Entries provided:
------------

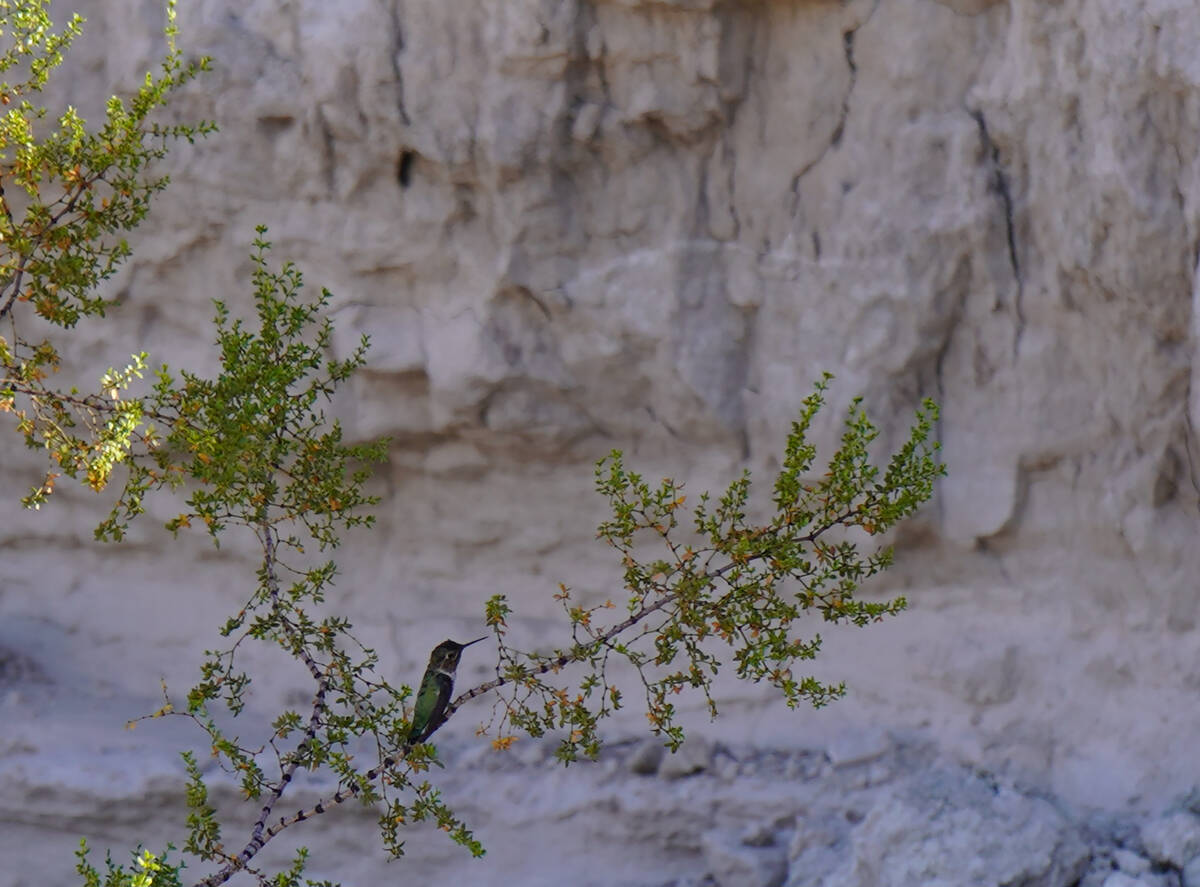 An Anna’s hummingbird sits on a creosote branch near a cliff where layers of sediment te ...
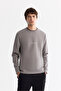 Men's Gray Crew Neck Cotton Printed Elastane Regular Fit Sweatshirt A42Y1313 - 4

------------

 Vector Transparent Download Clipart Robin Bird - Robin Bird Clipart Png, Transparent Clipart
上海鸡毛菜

------------

Work order:
In the records above, everything from the line with "An Anna’s hummingbird" down to the line with "Men's Gray Crew" is to be set down exactly, both ends included, with no pictures and no other lines.

Task response:
 An Anna’s hummingbird sits on a creosote branch near a cliff where layers of sediment te ...
 Men's Gray Crew Neck Cotton Printed Elastane Regular Fit Sweatshirt A42Y1313 - 4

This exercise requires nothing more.